Sheba is mentioned in the Old Testament, very briefly, as a visitor who is entertained by King Solomon. More is made of her visit in the Koran. Evidently she received a warm visit because she returns to Sheba pregnant. That's about all we know of the Queen of Sheba -- she arrives in glory, is treated like royalty, and gets what she wants. I think my ex wife may be channeling her.

I found this episode kind of interesting. There is, as usual, the framework of Wood's scholastic efforts. Once more he dons the white glove and runs his forefinger down the brittle page of an ancient manuscript. He translates languages you and I never heard of. But the imprint that's left behind is a little like what you get from reading all of Joseph Campbell in one sitting. What you thought was going to be a star turns out to be a nebula.

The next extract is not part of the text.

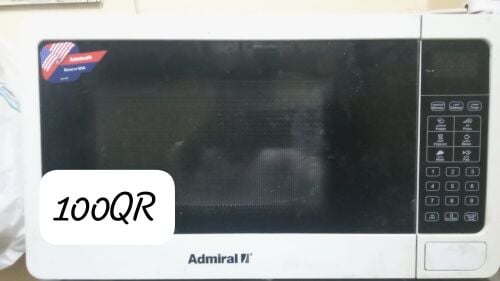 Like-new microwave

But, okay. As all anthropologists know, there is often more to be learned from visiting the place and engaging in encounters -- eating the local food, observing the natives in their routines, traveling the roads -- than from simply reading about a place. A few years ago, the United States was heavily involved in fighting in Iraq. Arguments about the nature of the conflict flew back and forth. But, in many ways, I learned more from an inexpensive walk through Baghdad by Rachel Maddow and Richard Engel than I ever learned from reading about the city. The couple chatted as they strolled along the streets and Engel explained what they were looking at. I'd thought the place to be bullet ridden, but the couple of reporters looked safer than they might have been in some neighborhoods of New York City.

This program carried the same visual quality. Impressions were generated by images as much as by contrived explanations. The Queen of Sheba may not occupy much of our mythological life space but pursuing her yields its own rewards.